An authentic and slightly irreverent blog on the applied dimensions of leadership & change...

  • My Crap

  • Your Crap

  • Our Crap

  • Everybody’s Crap.

Have you ever slipped outside the office for a stress-shedding walk in the sunshine, to look at the trees, the blue sky—wide open open before you, and the birds singing to encourage you, and wondered what would it be like to work for people…

Photo courtesy of Unsplash, @jacobowens1

  • Who cared about me?

  • Who helped me plan and shape my career so I could activate my potential?

  • Who created opportunities for learning what does and does not work, and for whom, within our organizations in real time?

  • Who created avenues so others in my organization could learn from each other so we all could grow, learning from each other’s knowledge and expertise, not just borne from their current role, but from their career to date?

…The world of work would be such a beautiful place…

Until your concentration was broken because you slipped, lost your balance, looked down and realized…crap…that’s right…you stepped in it.

You slipped out of the dream and stepped right back into reality. Break time is over; time to get back to the crap. But you can’t help wondering why the dream had to end. Why does it have to be this way? The good news is it doesn’t. The bad news is it is. Scrape off your shoes and I’ll explain this mess.

Learning organizations are about helping employees grow and evolve so the organization itself can grow and evolve. They create a culture where it is safe to admit your own crap. In most organizations we hide our crap from others so much we can no longer see it ourselves. We lose our ability to recognize our own participation in the problems around us.

If your work culture feels empowering, chances are you work in a Learning Organization. If your work culture is disempowering, you definitely don’t. How can you cut the crap and start leading change?

Focus on 3 things:

Learning…

  1. Acknowledgment

  2. Alignment

  3. Accountability.

What’s in our way? Our crap, of course. Let’s break it down.

Essentially, my crap works like this: if I don’t feel like my own learning (to include insights and ideas) is acknowledged as useful, valued, and contributes to the success of the organization, I’m not really positioned to make others feel that way. Oh, I'll try. I really do care and know others need it; but let's face it, I’m going to lose steam. It's hard to pour from an empty pitcher. You can cut this crap by speaking up and teaching your supervisors what they need to learn.

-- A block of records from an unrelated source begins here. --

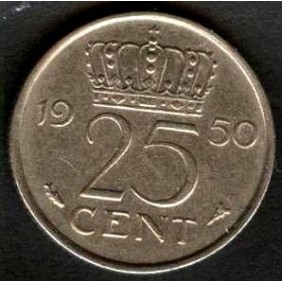 NETHERLANDS 25 Cents 1950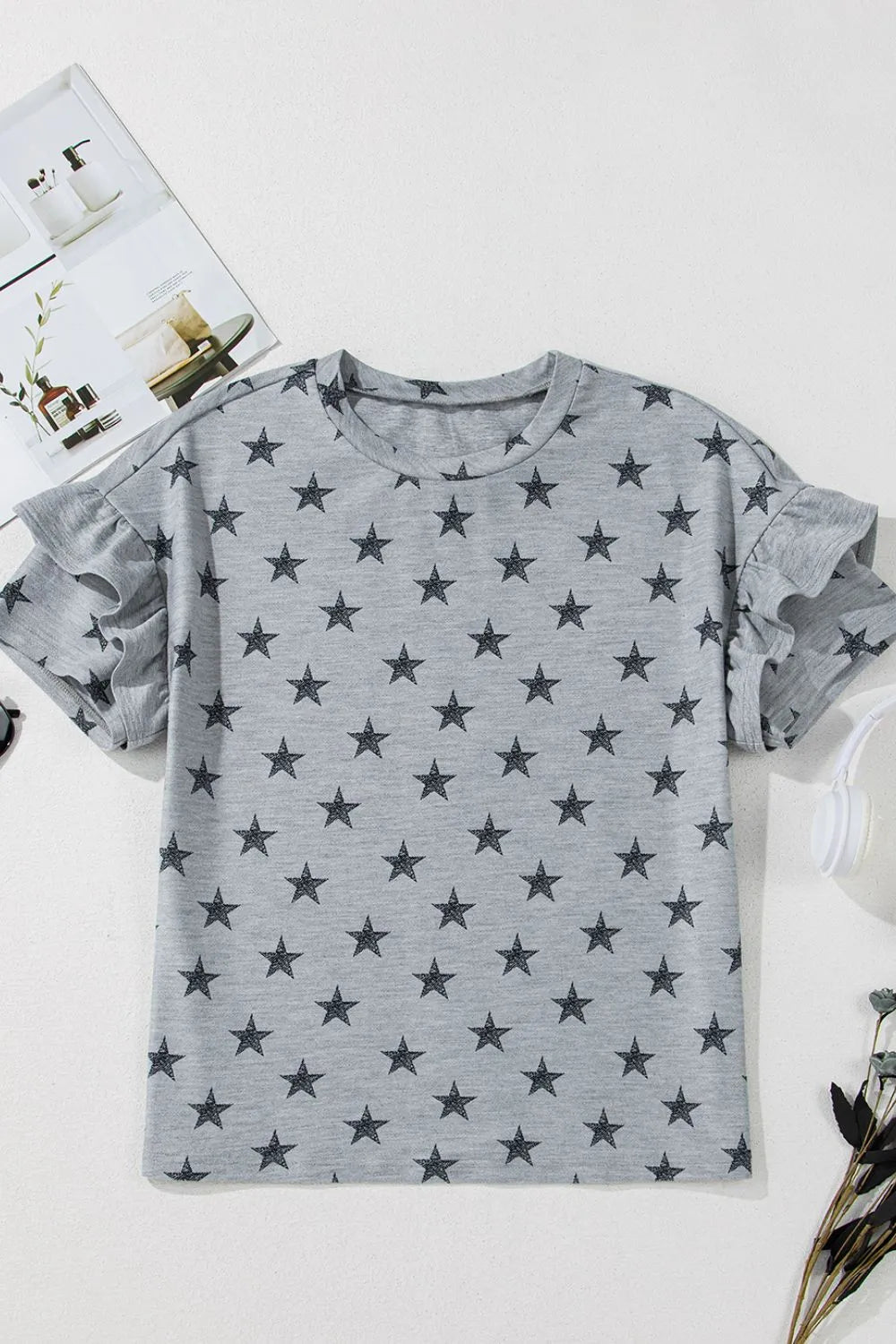 Star Print Tiered Ruffled Sleeve Crew Neck T Shirt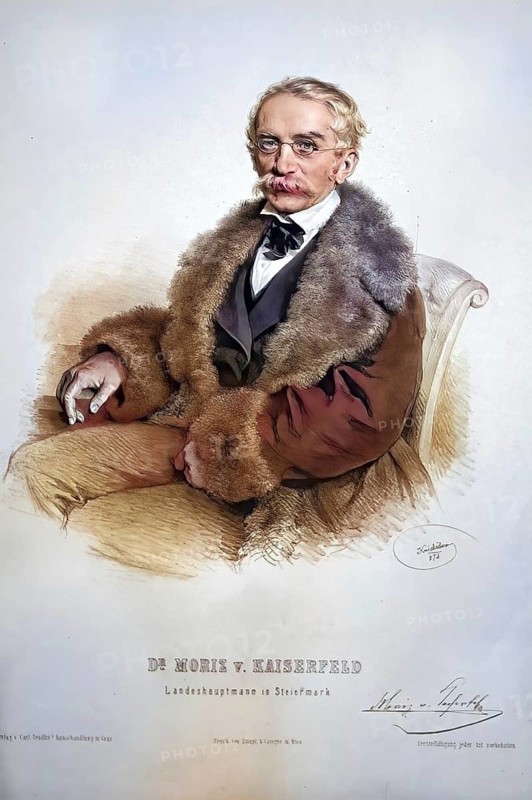 Moritz Blagatinschegg Edler von Kaiserfeld (born 24 January 1811 at Mannsberg Castle near Pettau, died 14 February 1885 at Birkenstein Castle near Birkfeld) was an Austrian politician of the Habsburg Monarchy, Historical, digitally restored reproduction from a 19th century original, Record date not stated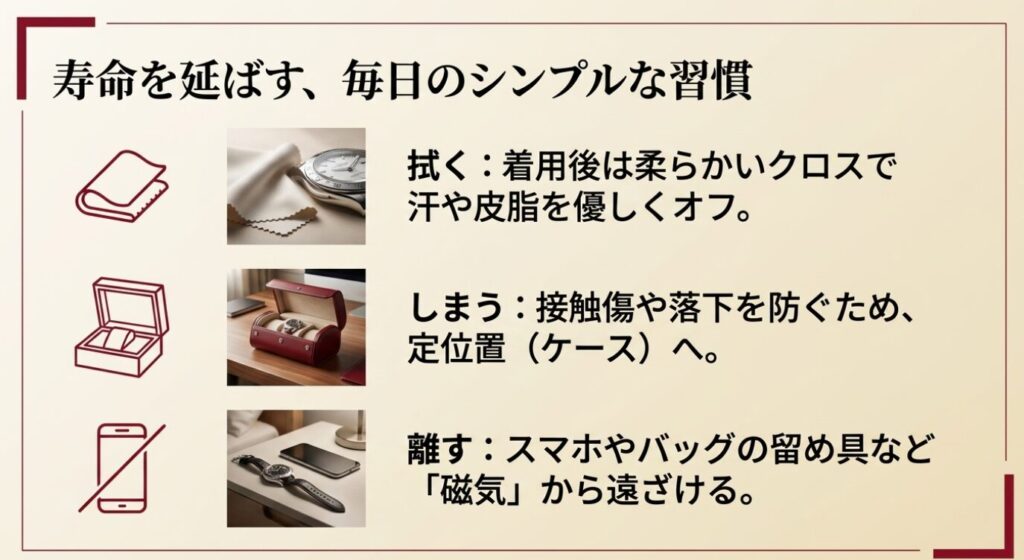画像タイトル: 時計寿命を延ばす毎日のシンプルな習慣
代替テキスト: 着用後に柔らかいクロスで拭く、ケースにしまう、磁気から離すという日常ケアをまとめたスライド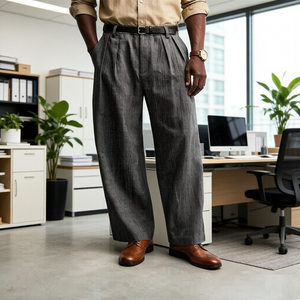 OEM Custom Men's Loose Elegant Straight-Leg Casual Trousers Classic Linen Blend Pleated Wide Leg Formal Suit Pants for Men - Product Image 6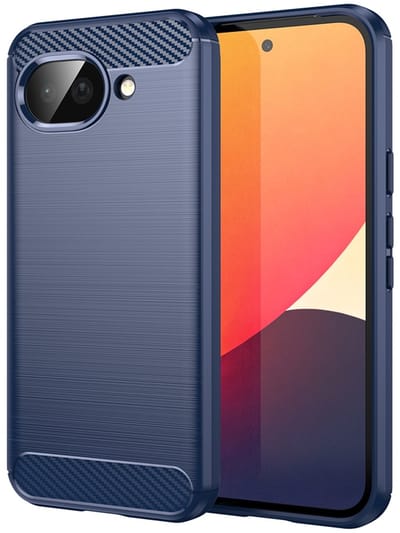 MobyDefend Hoesje - Geschikt voor Google Pixel 10a - TPU Backcover - Geborstelde Metaal & Carbon-Look - Blauw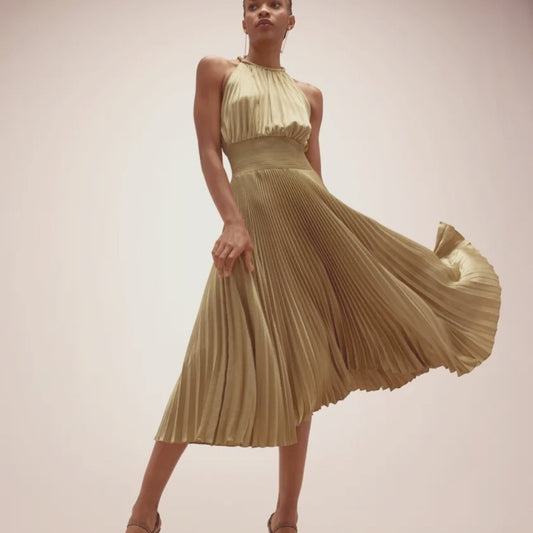 NWT A.L.C. Renzo II Pleated Satin Midi Dress - size 2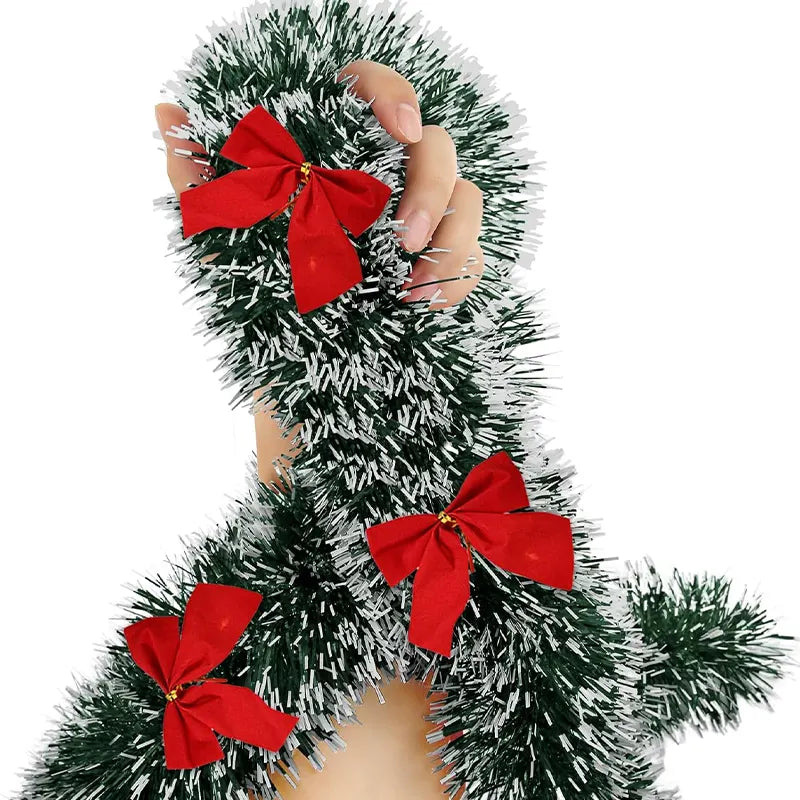Festive Tinsel Garland with Bowknots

Okay, you know that we all want our effort acknowledged. We’ve discussed that. So before you run out of steam, look at your management system (processes, policies, procedures, performance review instruments, and problem solving approaches) because these things shape your organization’s culture. Are individual and collective learning regularly incorporated to make them living, breathing, realistic, and adapting to the world around them? If they are not aligned with organizational learning, you can cut the crap right here and now by incorporating feedback loops and start discovering what others need you to learn.

There is nothing more disempowering than a lack of accountability in those things we are told matter to the organization. Organizational crap is heaped up here. When our individual and collective learning is not assessed in performance appraisals, leadership appraisals, improvement planning, and goal and objective setting, we receive the message that what we discover on the job means nothing to the organization; what we know isn’t valued; that the organization doesn’t want to learn, grow, change…no matter how much it may need to do so. You can cut the crap here by revising these instruments to fit what you really need to achieve. Start looking at the questions you ask and if the answers make any difference.

The communities in which we work, both local and global, are learning about us and about all kinds of things that impact what we do and how we do it at a collectively rapid rate. Whether that impact is direct or indirect, now or later, we miss out on learning about our customers’ and stakeholders’ points of view by not acknowledging this learning and including them in our culture. We can cut the crap by opening avenues of learning from and service to our communities. We will all reap long-term benefits.